Member of the South Dakota House of Representatives from the 34th district
- Incumbent
- Assumed office January 12, 2021
- Preceded by: Michael Diedrich
- In office 1997–2002

Personal details
- Born: c. 1957 (age 68–69)
- Party: Republican
- Education: University of South Dakota (BS)

= Mike Derby =

American businessman and politician

Mike Derby (born c. 1957) is an American businessman and politician serving as a member of the South Dakota House of Representatives from the 34th district. Elected in 2020, he assumed office on January 12, 2021.

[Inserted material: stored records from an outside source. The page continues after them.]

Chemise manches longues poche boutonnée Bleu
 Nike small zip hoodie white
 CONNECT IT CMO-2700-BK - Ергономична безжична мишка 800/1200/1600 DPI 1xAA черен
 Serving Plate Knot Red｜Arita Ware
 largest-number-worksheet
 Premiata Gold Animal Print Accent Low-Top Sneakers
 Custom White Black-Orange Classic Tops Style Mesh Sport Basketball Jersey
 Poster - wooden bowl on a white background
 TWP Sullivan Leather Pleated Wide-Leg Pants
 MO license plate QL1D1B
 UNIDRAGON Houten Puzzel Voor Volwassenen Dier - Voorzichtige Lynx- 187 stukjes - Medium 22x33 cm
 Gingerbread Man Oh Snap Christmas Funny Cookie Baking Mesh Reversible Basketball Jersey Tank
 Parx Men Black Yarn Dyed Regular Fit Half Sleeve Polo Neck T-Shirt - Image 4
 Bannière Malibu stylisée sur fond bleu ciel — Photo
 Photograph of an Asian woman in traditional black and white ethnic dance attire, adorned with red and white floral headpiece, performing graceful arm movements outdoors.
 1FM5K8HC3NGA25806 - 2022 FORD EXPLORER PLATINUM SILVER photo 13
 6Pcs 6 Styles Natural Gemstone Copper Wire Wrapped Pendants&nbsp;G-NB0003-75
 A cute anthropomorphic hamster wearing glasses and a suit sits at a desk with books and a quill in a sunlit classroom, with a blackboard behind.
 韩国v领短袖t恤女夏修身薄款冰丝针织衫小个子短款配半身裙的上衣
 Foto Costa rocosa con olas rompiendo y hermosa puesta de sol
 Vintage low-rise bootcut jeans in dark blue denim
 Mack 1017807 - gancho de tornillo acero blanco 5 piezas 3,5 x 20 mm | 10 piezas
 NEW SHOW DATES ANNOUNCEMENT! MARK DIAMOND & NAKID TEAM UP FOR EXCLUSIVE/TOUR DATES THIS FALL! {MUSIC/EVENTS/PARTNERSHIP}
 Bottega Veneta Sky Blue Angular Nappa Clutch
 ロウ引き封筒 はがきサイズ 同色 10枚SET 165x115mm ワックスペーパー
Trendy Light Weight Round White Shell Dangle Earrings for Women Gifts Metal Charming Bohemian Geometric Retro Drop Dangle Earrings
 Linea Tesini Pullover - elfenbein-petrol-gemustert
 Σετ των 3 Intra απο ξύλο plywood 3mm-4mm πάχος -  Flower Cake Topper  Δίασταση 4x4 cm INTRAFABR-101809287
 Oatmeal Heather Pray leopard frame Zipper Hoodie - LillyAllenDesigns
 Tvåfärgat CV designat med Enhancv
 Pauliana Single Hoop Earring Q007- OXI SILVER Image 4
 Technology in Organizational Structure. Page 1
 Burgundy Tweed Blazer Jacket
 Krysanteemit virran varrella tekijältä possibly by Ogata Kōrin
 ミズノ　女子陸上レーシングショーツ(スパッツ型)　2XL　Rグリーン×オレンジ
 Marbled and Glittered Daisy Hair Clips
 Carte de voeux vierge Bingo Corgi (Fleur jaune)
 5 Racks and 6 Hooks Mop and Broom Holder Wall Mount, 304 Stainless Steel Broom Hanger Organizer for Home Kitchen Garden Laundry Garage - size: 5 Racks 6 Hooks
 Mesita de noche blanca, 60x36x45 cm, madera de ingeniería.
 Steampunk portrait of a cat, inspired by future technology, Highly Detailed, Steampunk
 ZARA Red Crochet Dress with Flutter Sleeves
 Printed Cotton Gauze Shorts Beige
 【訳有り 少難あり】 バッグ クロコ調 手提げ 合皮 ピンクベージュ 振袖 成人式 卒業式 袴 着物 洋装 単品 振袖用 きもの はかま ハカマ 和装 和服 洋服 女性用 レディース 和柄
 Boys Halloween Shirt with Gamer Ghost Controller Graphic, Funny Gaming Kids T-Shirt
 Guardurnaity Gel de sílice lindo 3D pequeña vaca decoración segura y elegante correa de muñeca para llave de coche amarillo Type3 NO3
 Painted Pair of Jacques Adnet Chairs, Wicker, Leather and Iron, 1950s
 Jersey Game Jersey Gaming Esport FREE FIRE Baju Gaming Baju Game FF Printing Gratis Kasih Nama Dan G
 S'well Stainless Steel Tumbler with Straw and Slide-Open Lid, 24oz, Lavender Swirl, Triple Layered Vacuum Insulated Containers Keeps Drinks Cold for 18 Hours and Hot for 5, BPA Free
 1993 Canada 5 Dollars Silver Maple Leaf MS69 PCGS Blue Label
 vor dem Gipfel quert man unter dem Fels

== Early life and education ==
Derby was raised in Rapid City, South Dakota and graduated from Stevens High School. He earned a Bachelor of Science degree in business administration from the University of South Dakota in 1979.

== Career ==
Derby is the owner of the Canyon Lake Resort in Rapid City. He was also the chair of the Rapid City Area Chamber of Commerce and a board member of Visit Rapid City. Derby served as a member of the South Dakota House of Representatives from 1997 to 2002. During his first tenure, he chaired the Military Affairs Committee and Ellsworth Task Force. He was also the vice chair of the South Dakota Legislative Executive Committee. Derby was re-elected to the South Dakota House of Representatives in 2020. He assumed office on January 12, 2021, succeeding Michael Diedrich.